Everything You Need to Know About Umami
We’re all familiar with the four basic tastes—sweet, sour, salty, and bitter. But recently, there’s been a lot of talk about a fifth taste that previously was just that oh-so-goodness you couldn’t quite put your finger on. Umami taste is that indescribable, perfectly savory flavor you experience when eating certain Asian foods and hearty, meaty dishes. Even though umami has been trending within the past few years, it actually dates back over 100 years—the term umami was defined by Japanese scientist Kikunae Ikeda in 1908. While umami is often associated with the savory taste found in Asian food, it is also a key flavor in foods like miso, shiitake mushrooms, parmesan cheese, meat, and sun-dried tomatoes.
What Is Umami?
Umami is the fifth taste alongside salt, sweet, bitter, and sour. The Japanese translation of umami is “pleasant, savory taste” or “yummy.” Umami is a word used to described rich, salty foods that have a certain je ne sais quoi to them. Umami has become so buzz-worthy that restaurants across the country are capitalizing on its popularity. Umami Burger, for one, is a restaurant chain known for its gourmet burger featuring key umami ingredients like shiitake mushrooms, fire roasted tomatoes, caramelized onions, umami ketchup, and a parmesan crisp. Even Trader Joe’s has followed suit, recently releasing an umami seasoning blend ($12 for two; amazon.com, $3 at Trader Joe’s). While umami is most commonly associated with miso soup, ramen, and other Asian dishes, it is also the predominant flavor in ham, raw beef, cured meats, and mushrooms.
Is Umami Good for You?
Umami is a particular taste, not an ingredient, which means it does not have a nutritional component on its own. However, it is the main flavor in certain foods and condiments that are often deemed unhealthy and high in sodium, like beef, pork, cured meats, soy sauce, and ketchup. On the flip side, Umami is also found in a number of foods that do have health benefits, like kimchi, shellfish, cabbage, mushrooms, asparagus, and ripe tomatoes. If you read your labels carefully and eat in moderation, there is no harm in consuming foods with strong levels of the umami flavor.
What’s the Deal With MSG?
When Ikeda defined the sensational savory flavor known as umami, he wanted to find a way to market it so that people could apply the same essence to their own cooking. The commercialized version of umami became known as monosodium glutamate, or MSG. MSG is the sodium salt found in glutamic acid, a naturally occurring acid found in tomatoes, grapes, cheese, and mushrooms. MSG has been a controversial ingredient for some time because it has been linked to headaches and nausea as well as other health issues. According to the Food and Drug Administration, foods that contain MSG are “generally recognized as safe,” however the FDA does require clear labeling on foods containing MSG. While there are still misconceptions and a lot of research is inconclusive about the negative health effects of MSG, it is becoming more and more embraced by professional chefs and diners alike.
Why Is MSG So Delicious?
MSG is a food additive and flavor enhancer commonly found in Chinese food, stock cubes, ramen, Doritos (yes, really), and other savory foods. MSG is a highly concentrated version of the flavor found in umami-rich ingredients like dashi, miso, and soy sauce. Originally, MSG was extracted from seaweed broth, but is now made by fermenting starch and sugarcane. It has the same, intensely savory quality found in ingredients like parmesan cheese, which is why it’s a popular additive.

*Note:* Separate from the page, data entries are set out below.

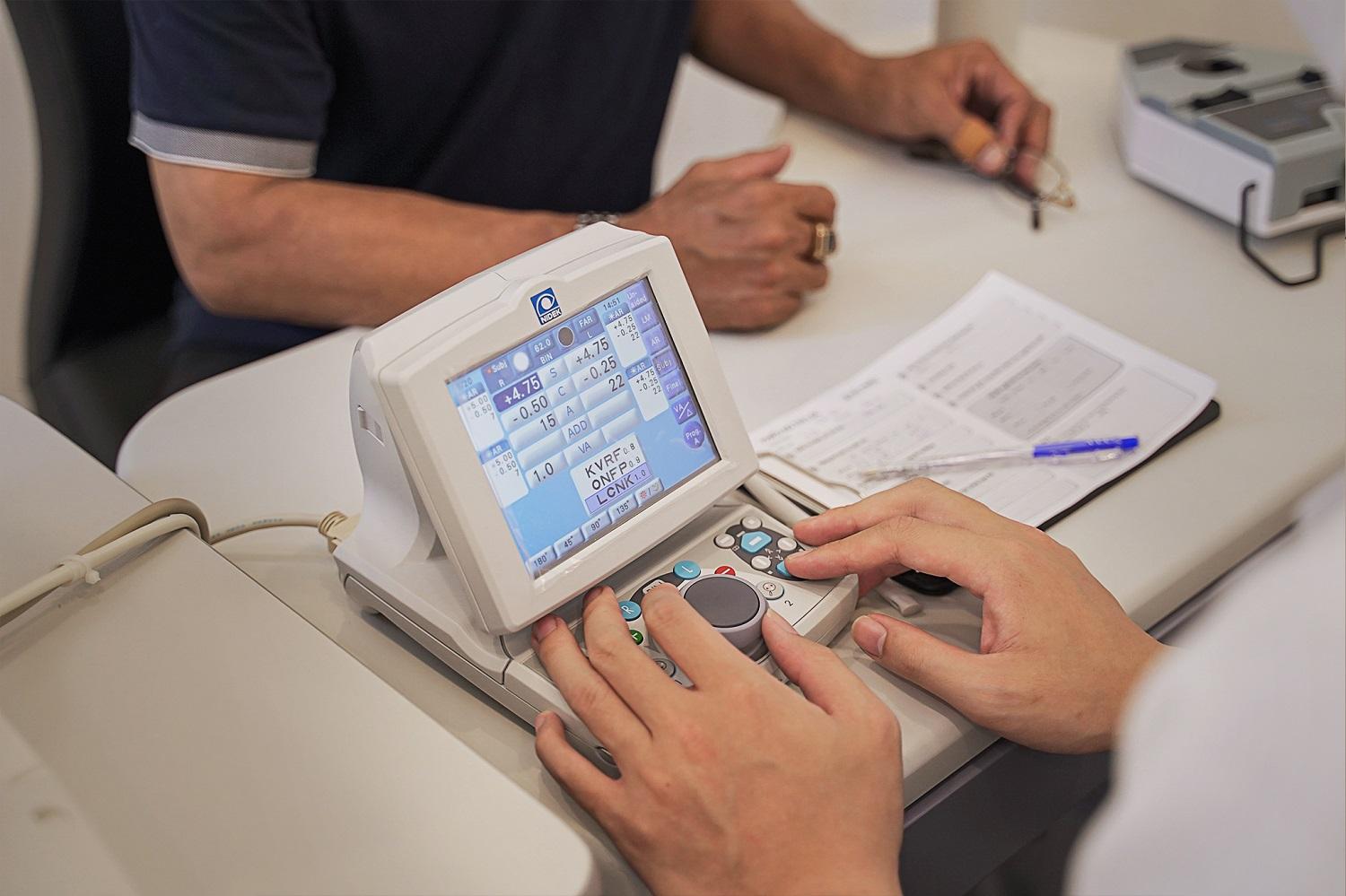 An tâm với dịch vụ đo, cắt kính cận tại Kính Hải Triều 2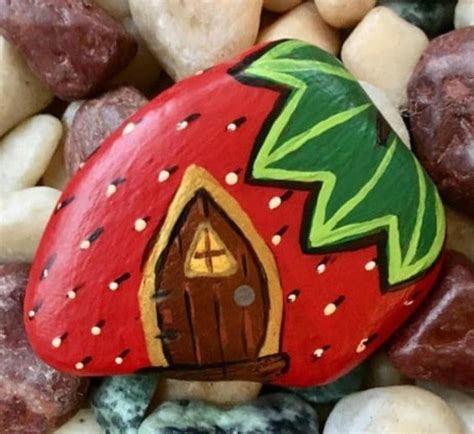 Pin By Amber Wangemann On Rock Art Rock Crafts Diy Rock Art Painted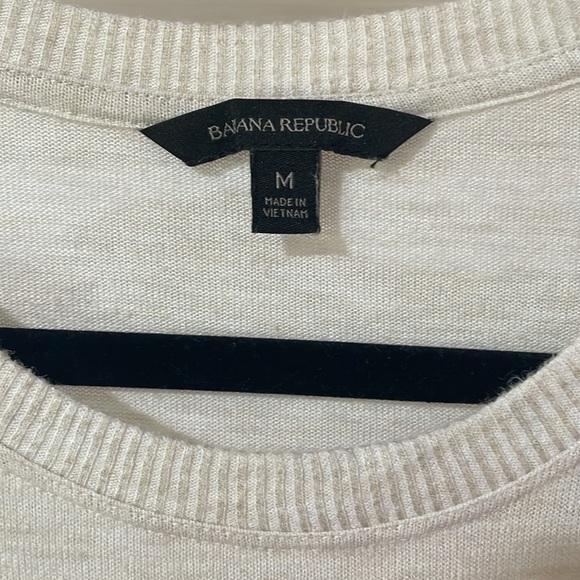 Banana Republic Women’s Sweater Lightweight Ruffle Trim Long Sleeve Cream Size M - Picture 4 of 10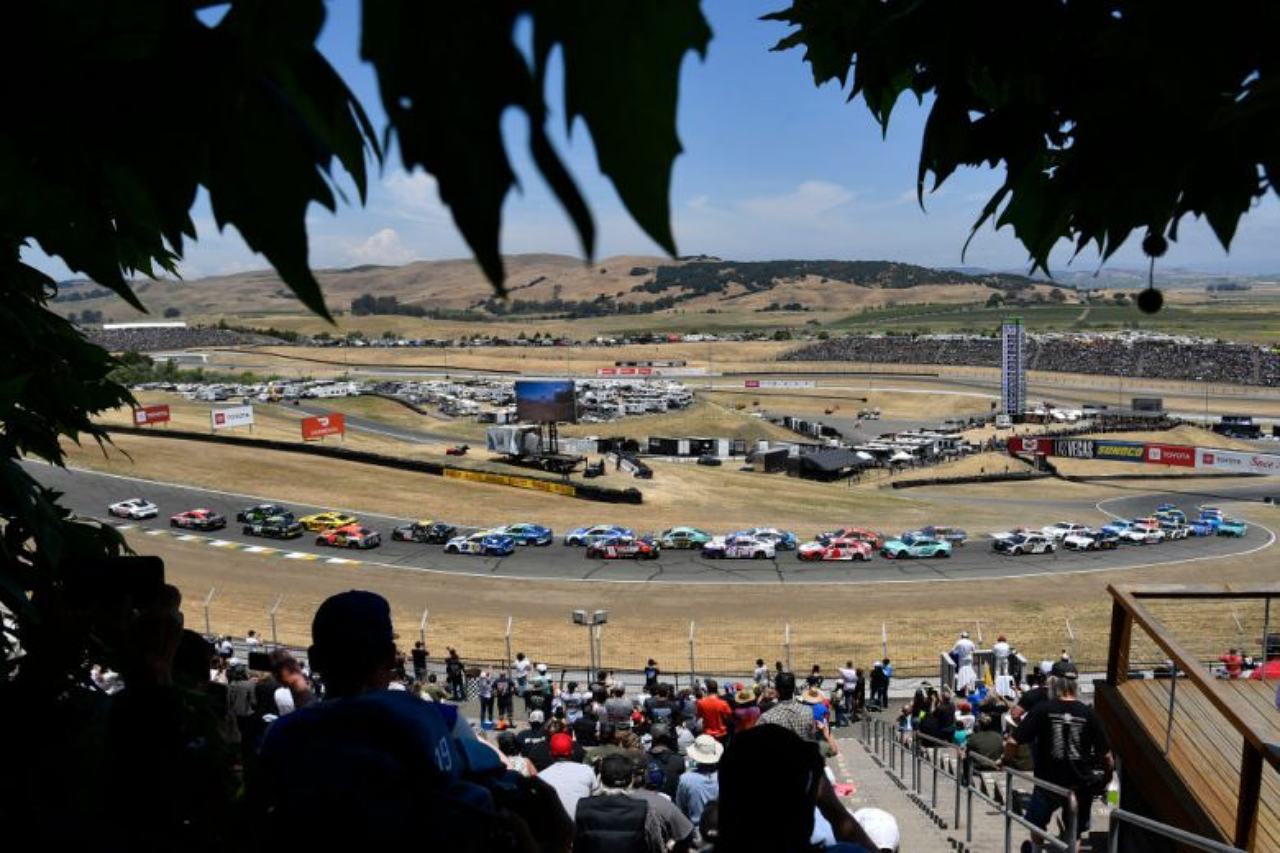 ソノマ・レースウェイでの『トヨタ／セーブマート350』にて、トヨタ勢は予選2列目までに3台のカムリを送り込んだ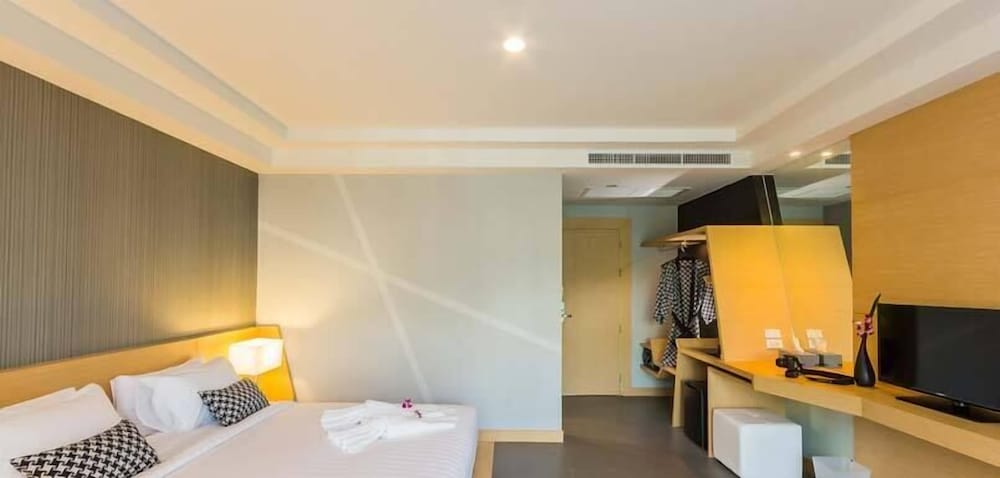 DELUXE, DOUBLE BED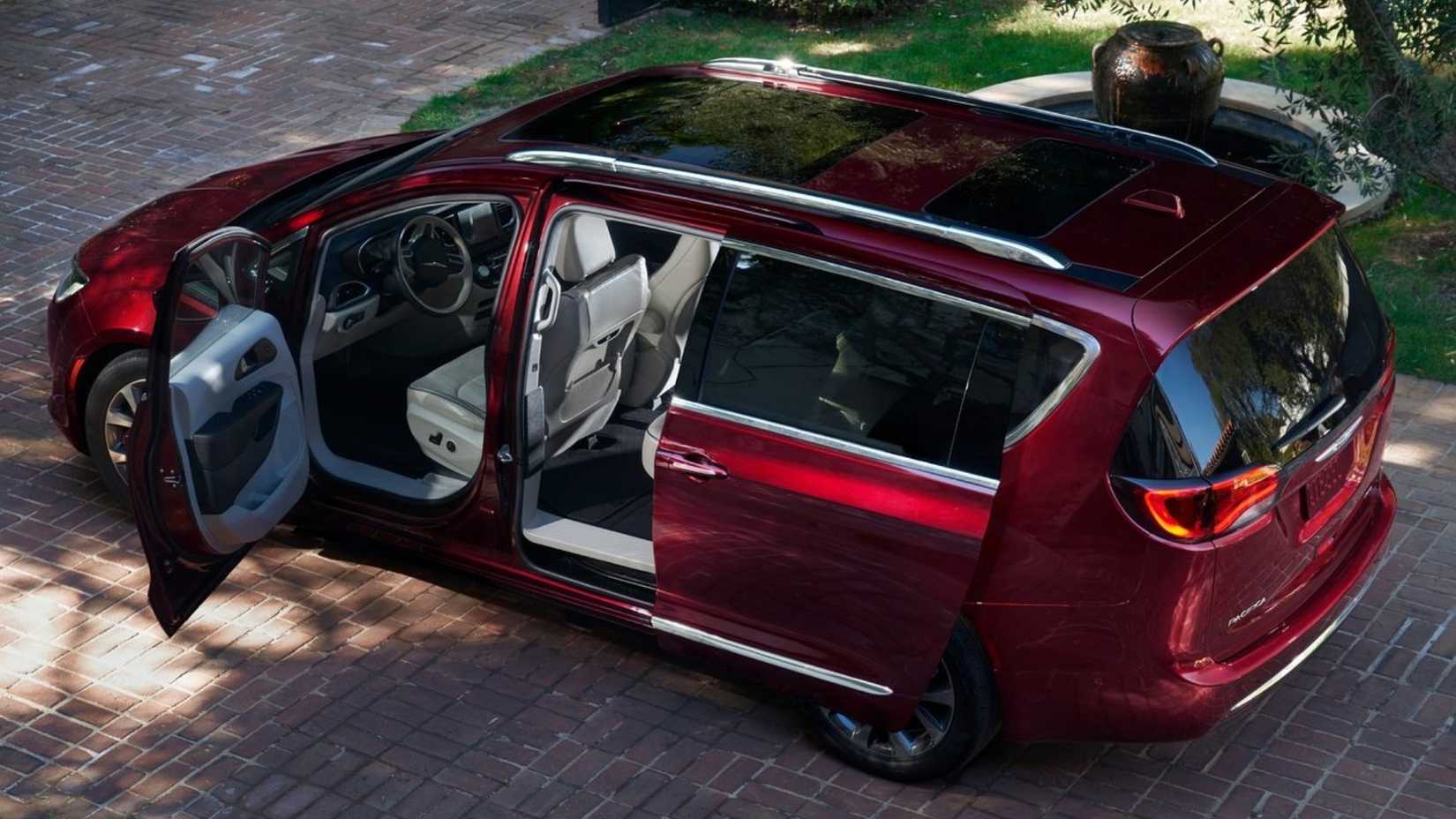 2017 Chrysler Pacifica Hybrid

Now that you understand what umami is and why MSG tastes so good, you can incorporate this fifth taste into your own cooking. Miso shines in these soufflé pancakes with miso mushrooms or in miso chicken noodle soup. For a healthy twist on this savory supplement, try making our recipe for kimchi soup with tofu and bacon, avocado “bowl” with spicy soy sauce, or parmesan cauliflower tots. The whole family will love soy-braised short ribs with sugar snap peas, which offers an indulgent take on umami.